Question

Prove in a triangle ABC, if $AB>AC$ and D is any point on the side BC, then prove that $AB>AD$?

Answer 1

Hint:We start solving the problem by drawing all the given information to get a better view. We use the fact that the angle opposite to the larger side is large to get the relation between angles $\angle ACB$ and $\angle CBA$. We then find the relation between angle $\angle ADB$ and $\angle ACD$ using the fact that some of the angles in a triangle is ${{180}^{\circ }}$ and the angle in a straight line is ${{180}^{\circ }}$. Using this relation we find the relation between the angles $\angle ADB$ and $\angle CBA$, which leads us to the desired result.

Complete step by step answer:
According to the problem we have a triangle $ABC$ with sides $AB>AC$ and D is any point on the side BC. We need to prove $AB>AD$.
Let us draw the given information to get a better view.

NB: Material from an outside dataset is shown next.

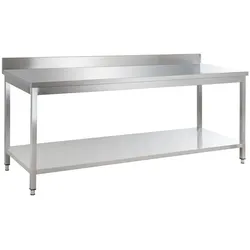 GastroHero Edelstahl Arbeitstisch BASIC 200x70 cm mit Grundboden und Aufkantung AISI 201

According to the problem, we have a relation between sides AB and AC as $AB>AC$. We know that the angle opposite to the larger side is large. Applying this fact in $\Delta ABC$, we get the relation between the angles as $\angle ACB>\angle CBA$ ---(1).
We know that the angle in a straight line at a point is ${{180}^{\circ }}$. We apply this at point D.
We get \[\angle ADB+\angle CDA={{180}^{\circ }}\].
\[\Rightarrow \angle ADB={{180}^{\circ }}-\angle CDA\] ---(2).
We know that the sum of the angles in a triangle is ${{180}^{\circ }}$. We use this in $\Delta ADC$.
So, we get \[\angle ACD+\angle CDA+\angle DAC={{180}^{\circ }}\].
$\Rightarrow \angle ACD+\angle DAC={{180}^{\circ }}-\angle CDA$.
From equation (2), we get
$\Rightarrow \angle ACD+\angle DAC=\angle ADB$ ---(3).
From the figure, we can see that $\angle ACD=\angle ACB$. We use this in equation (3).
$\Rightarrow \angle ACB+\angle DAC=\angle ADB$ ---(4).
From equation (4), we can see that the value of the angle $\angle ADB$ greater than the angle $\angle ACB$.
So, we get $\angle ADB>\angle ACB$ ---(5).
From equation (1) and (5), we can clearly see that $\angle ADB>\angle CBA$ ---(6).
Now, let us consider $\Delta ADB$ and we have $\angle ADB>\angle CBA$. We know that the sides opposite to the larger angle is large. We can see that the side opposite to the angle $\angle ADB$ is AB and the side opposite to $\angle CBA$ is AD.
So, we get $AB>AD$.
∴ We have proved $AB>AD$.

Note:
 We should not confuse with the notation of angles present inside the triangle. Whenever we get this type of problem, we should make use of the diagram and the fact that the angle opposite to the larger side is large. We should not assume the angle at point D as ${{90}^{\circ }}$. We should not consider the line segment AD as the angular bisector as this will not be possible always.